Existing-home sales in the United States took a tumble in June to their lowest level in nearly five years, a new report on the housing sector showed today.
Home resales fell to a 5.75 million annual rate, a 3.8% decrease from May’s revised 5.98 million annual pace, the National Association of Realtors said. May’s rate was originally estimated at 5.99 million.
NAR economist Lawrence Yun cited rising mortgage rates and tightening lending standards. “Home buyers have been getting mixed signals about the housing market, which is causing some of them to hesitate,” Yun said in a release.
The June resales level was below Wall Street expectations of a 5.87 million sales rate for previously owned homes. The 5.75-million resales level was the lowest since 5.73 million in November 2002.
But on a bright note, the median home price of US$230,100 in June was up 0.3% from US$229,300 in June 2006 for the first year-over-year increase in 11 months. The median price in May this year was US$222,700.
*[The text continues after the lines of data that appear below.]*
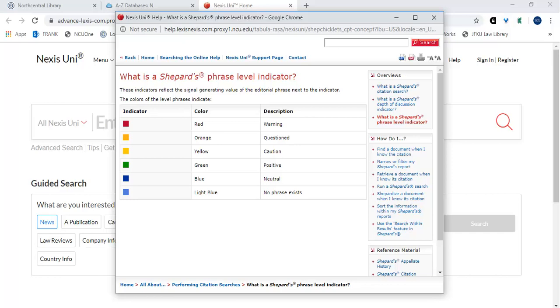I'll review each one. Red. A red Shepard's signal indicates that citing references contain strong negative history or treatment. The red exclamation mark indicates that citing references contain strong negative treatment of a section within the case.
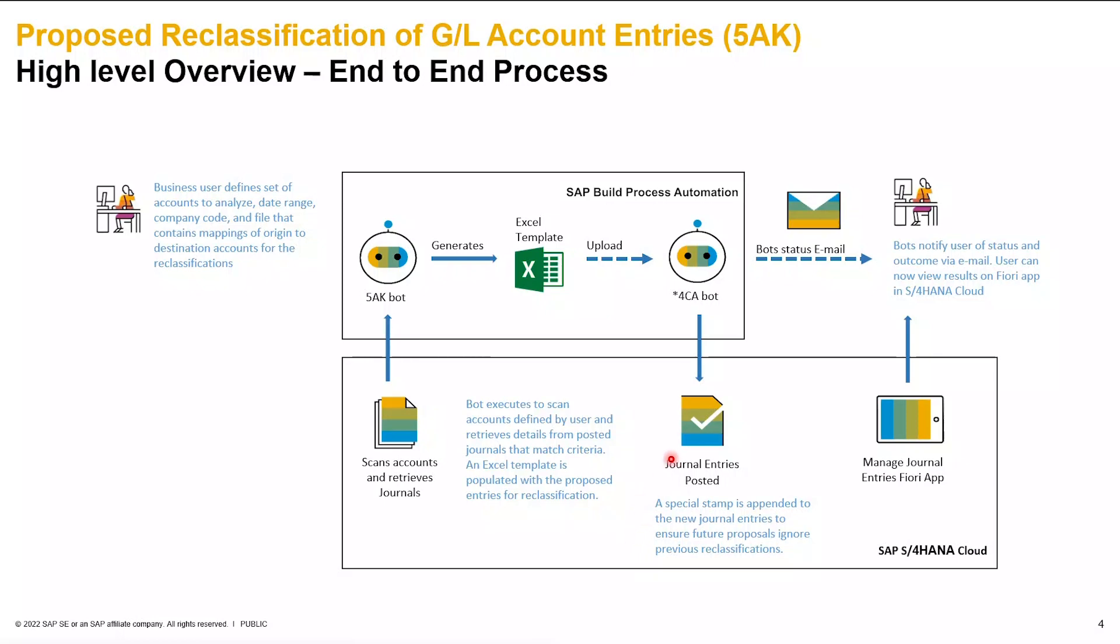In both cases, once each of these bots concludes, a status email will be sent to the users. The bot notifies the users of status and outcome via email. The user can now view the results on the Fiori app in S4HANA Cloud. The app for viewing journal entries and managing them is Managed Journal Entries Fiori app. This concludes the high-level overview.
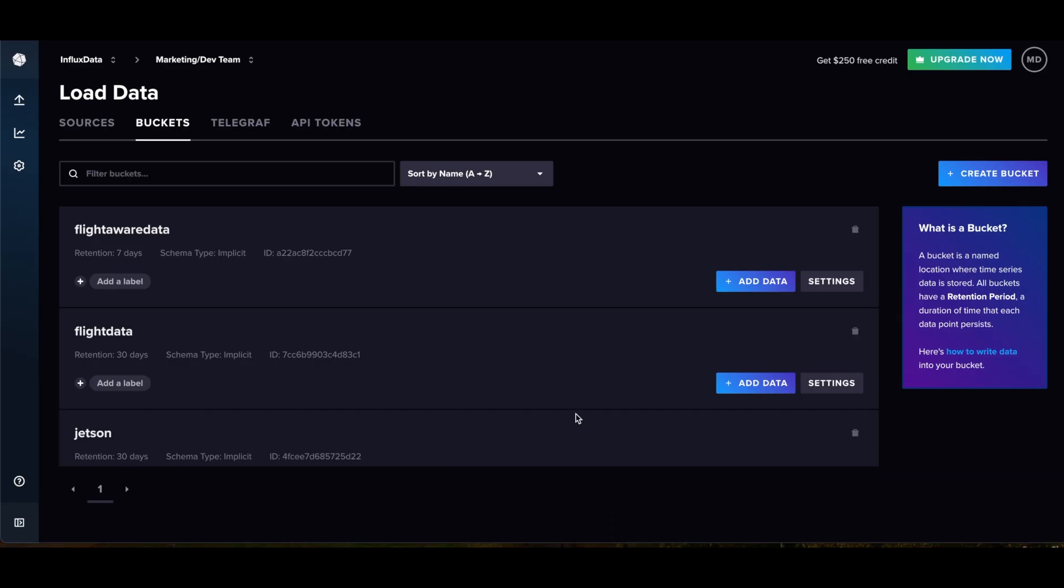All right, so I'm going to be briefly talking about retention policies. This seems to be something that trips new users up when they're dealing with InfluxDB, and this is going to be valid for all three versions. Basically, a retention policy is the policy of how long your data will be stored based on what you tell it to store it in the bucket.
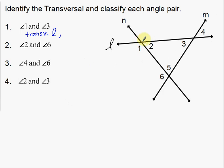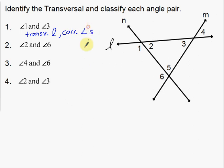Corresponding angles are in the same position. One is down and to the left; three is down and to the left — they're in the same position. So these are, in fact, corresponding angles. Notice the notation and abbreviations: C-O-R-R period stands for corresponding angles.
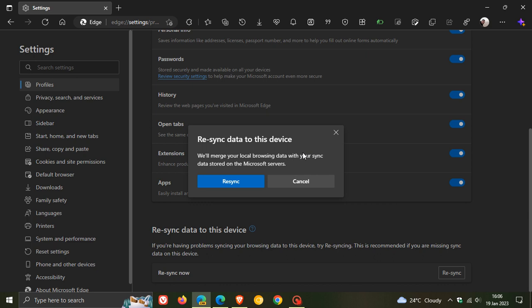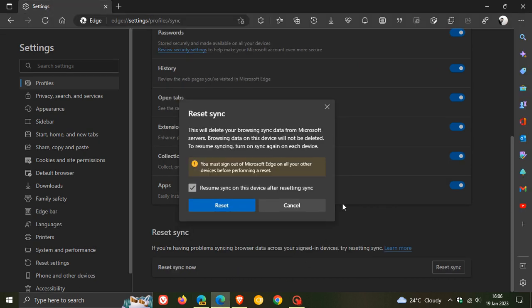So that's the difference between re-sync data to this device now being tested in Edge Canary, as opposed to how it currently is in the stable version, where it just resets the sync which will delete your browsing sync data from Microsoft servers and not the data on the device. So that's the difference.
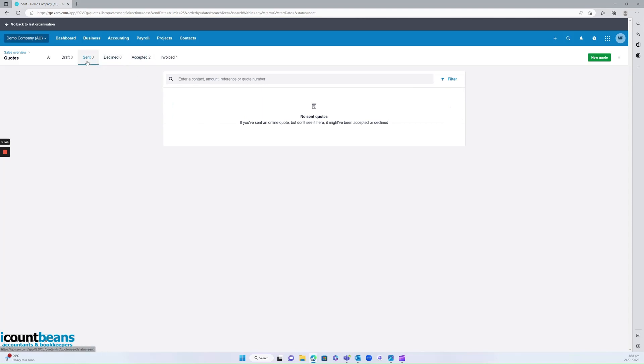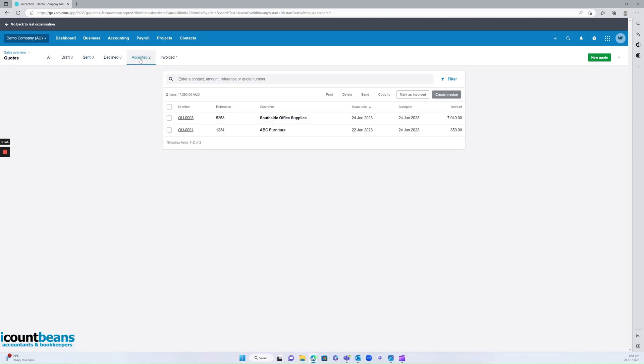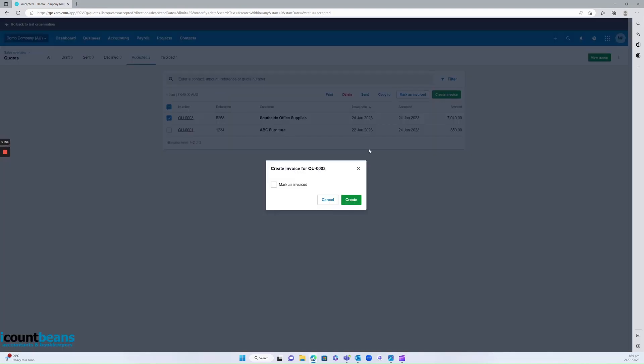It will then automatically be moved from the sent tab over to accepted. Again, you want to find the quote that you want to now invoice, select that and click create invoice and mark as invoiced as well.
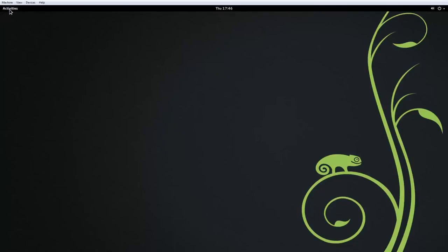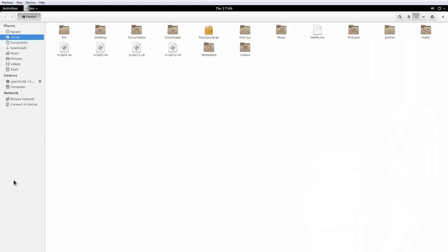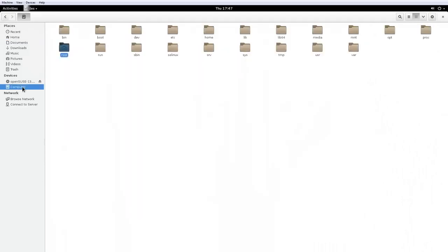Click Activities on the top left corner of the screen. Click the File Manager icon on the left panel. By default it explores your home directory. Click Computer on the left Places pane inside this window. You can see all directories under the root directory.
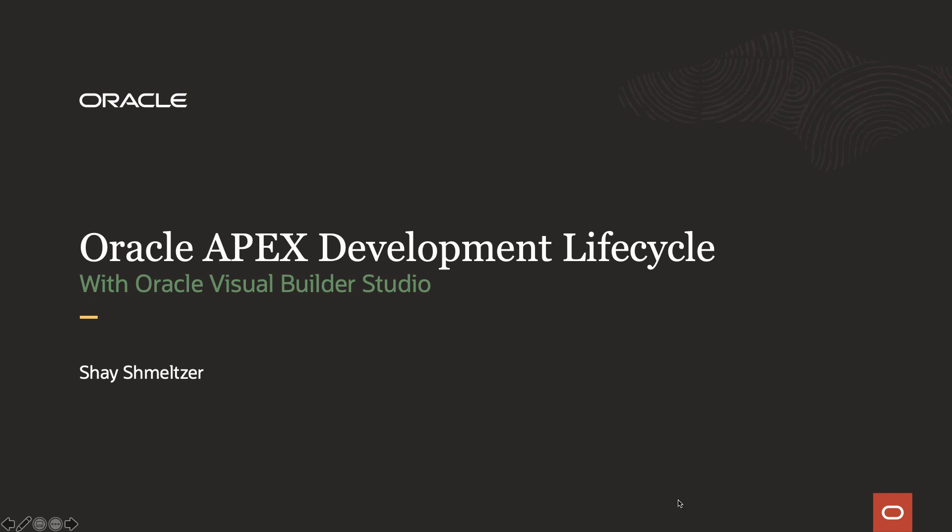Welcome to this demonstration of improving the development life cycle for Oracle Apex with Oracle Visual Builder Studio. My name is Shai Schmelzer.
In addition, inventories of homes fell 4.2% at the end of June to 4.20 million available for sale, which represented a 8.8-month supply at the current sales pace. There was a 8.8-month supply at the end of May, revised from a previously estimated 8.9 months.
Existing-home sales dropped in all four regions of the U.S. Sales declined 2.8% in the Midwest, 7.3% in the Northeast, 6.8% in the West, and 1.7% in the South.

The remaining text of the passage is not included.